È probabile che la colla elettorale tenga insieme fino al voto questi alleati riottosi, ma dietro le convenienze di breve periodo la vicenda presidenziale svela un problema enorme, che si è sempre cercato di nascondere: quante destre ci sono in realtà, mascherate da una tiepida intesa? E come possono convivere (e addirittura governare) i moderati con i reazionari, i centristi e i post-fascisti, i conservatori e i liberali? Manca una cultura egemone, sostituita per quasi trent’anni dalla mistica berlusconiana che ha incorporato la destra radicale ma poi è stato incapace di emanciparla. Fino a quando?
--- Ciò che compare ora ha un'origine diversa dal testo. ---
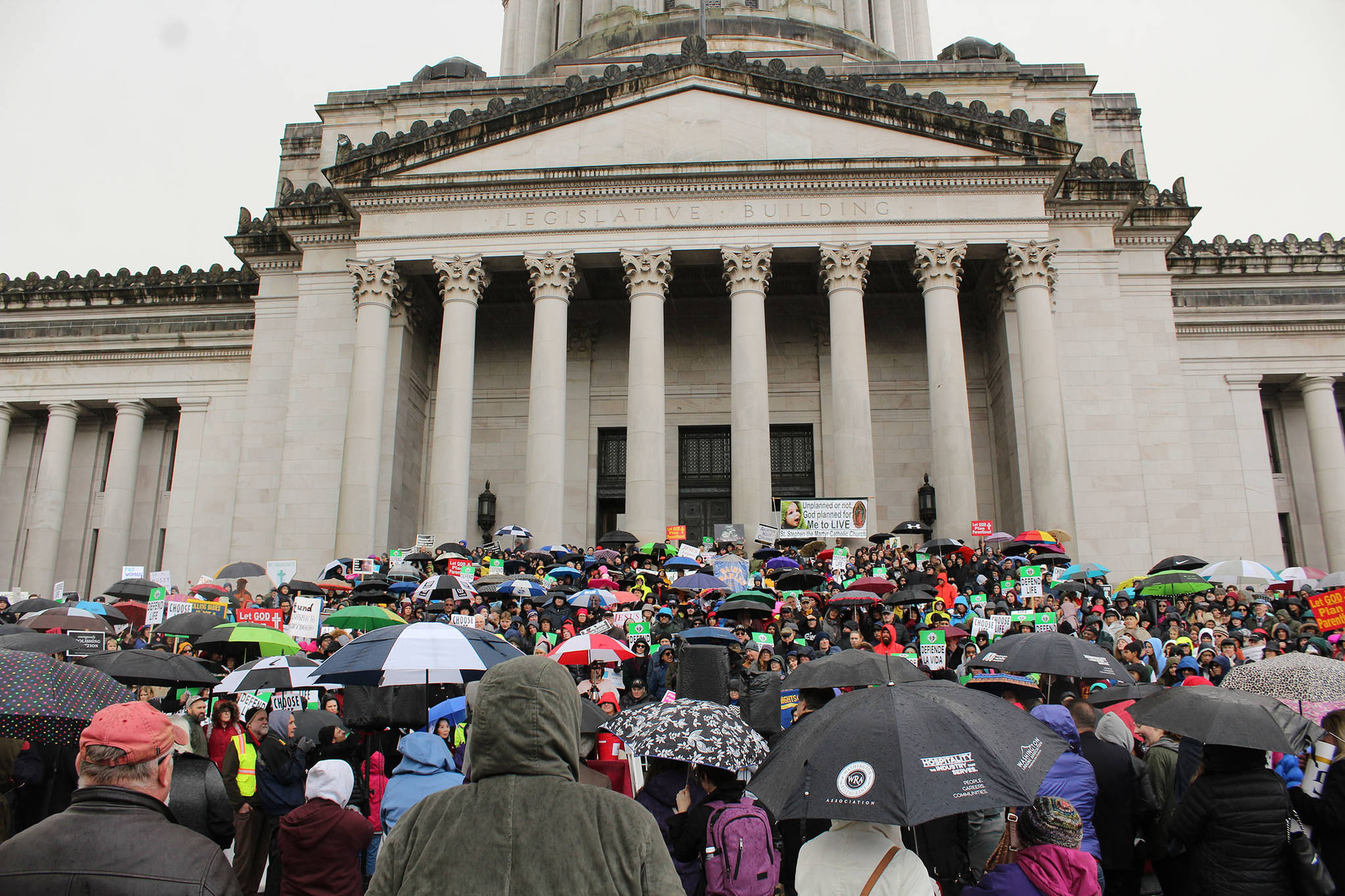 Hundreds of people turned out for the annual March for Life. Photo by Taylor McAvoy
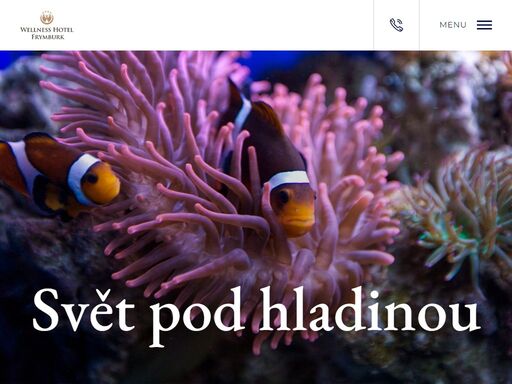 svět pod hladinou je unikátní expozice akvárií a artefaktů přibližující podvodní život na ploše více než 500 m2. exotické i tuzemské druhy živočichů a ryb.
Oggi non possiamo più ignorare che una delle falle del sistema è proprio qui: la destra è un’incompiuta, che aspetta non più un federatore ma un fondatore della nuova identità risolta. E poiché i Cinque Stelle devono ancora dire a se stessi e al Paese se sono parte di una sinistra di governo o abitano ancora nella galassia antipolitica, bisogna purtroppo concludere che l’incompiuta è la cifra della democrazia italiana d’inizio secolo.